--- YOUR INSTRUCTIONS ---
Write out the stretch of lines below that begins at the line with "carpeted spare room" and ends at the line with "4805 Stoneyoak Lane", including both, exactly as given and nothing more.

--- DATA EXTRACTS ---
⁂
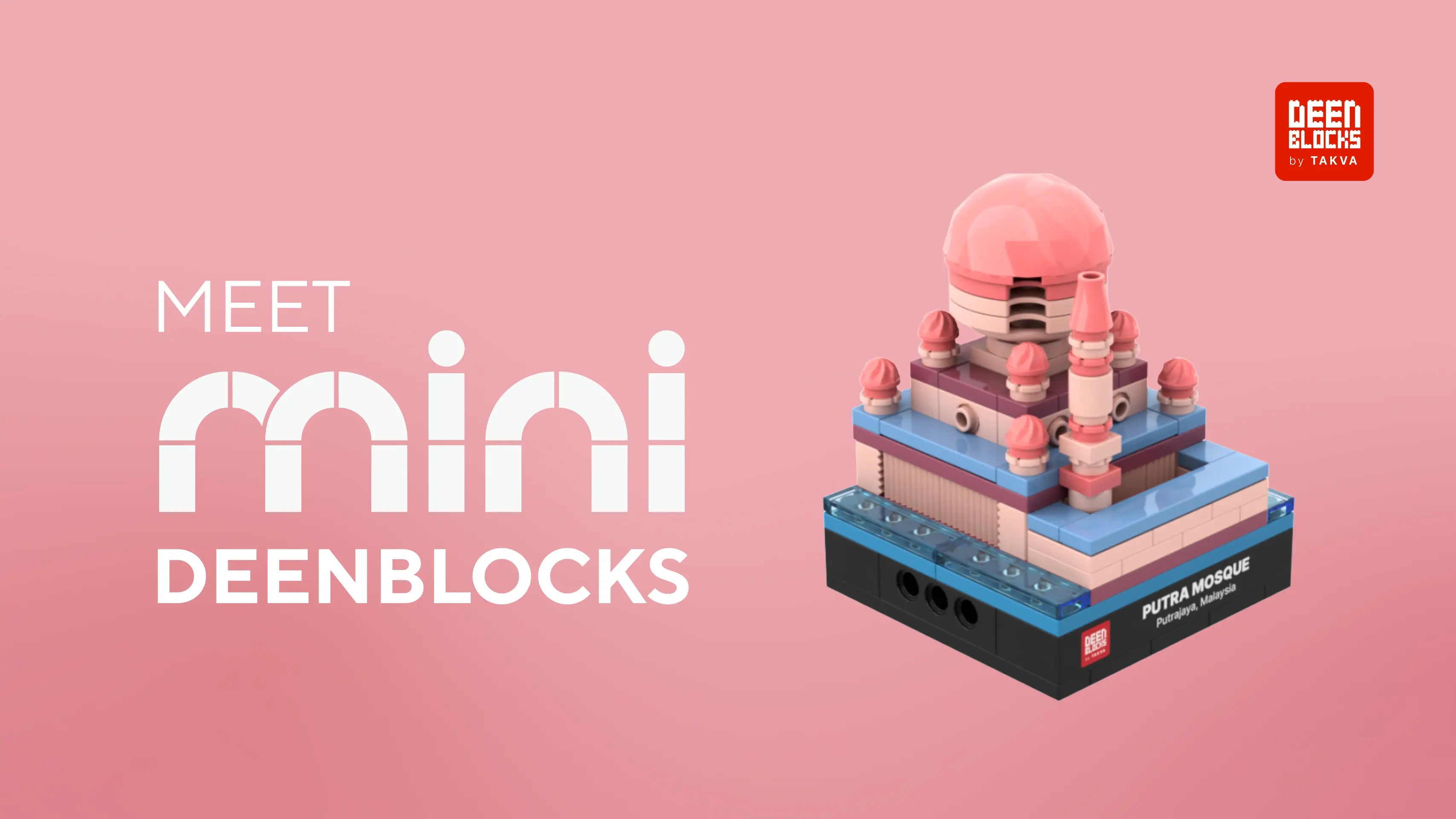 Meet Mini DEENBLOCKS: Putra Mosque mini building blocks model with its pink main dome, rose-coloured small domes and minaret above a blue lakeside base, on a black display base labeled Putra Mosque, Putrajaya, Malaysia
⁂
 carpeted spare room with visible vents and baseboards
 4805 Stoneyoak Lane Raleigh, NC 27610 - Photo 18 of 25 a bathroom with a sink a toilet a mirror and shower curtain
⁂
--- SOLUTION TO THIS PROBLEM ---
 carpeted spare room with visible vents and baseboards
 4805 Stoneyoak Lane Raleigh, NC 27610 - Photo 18 of 25 a bathroom with a sink a toilet a mirror and shower curtain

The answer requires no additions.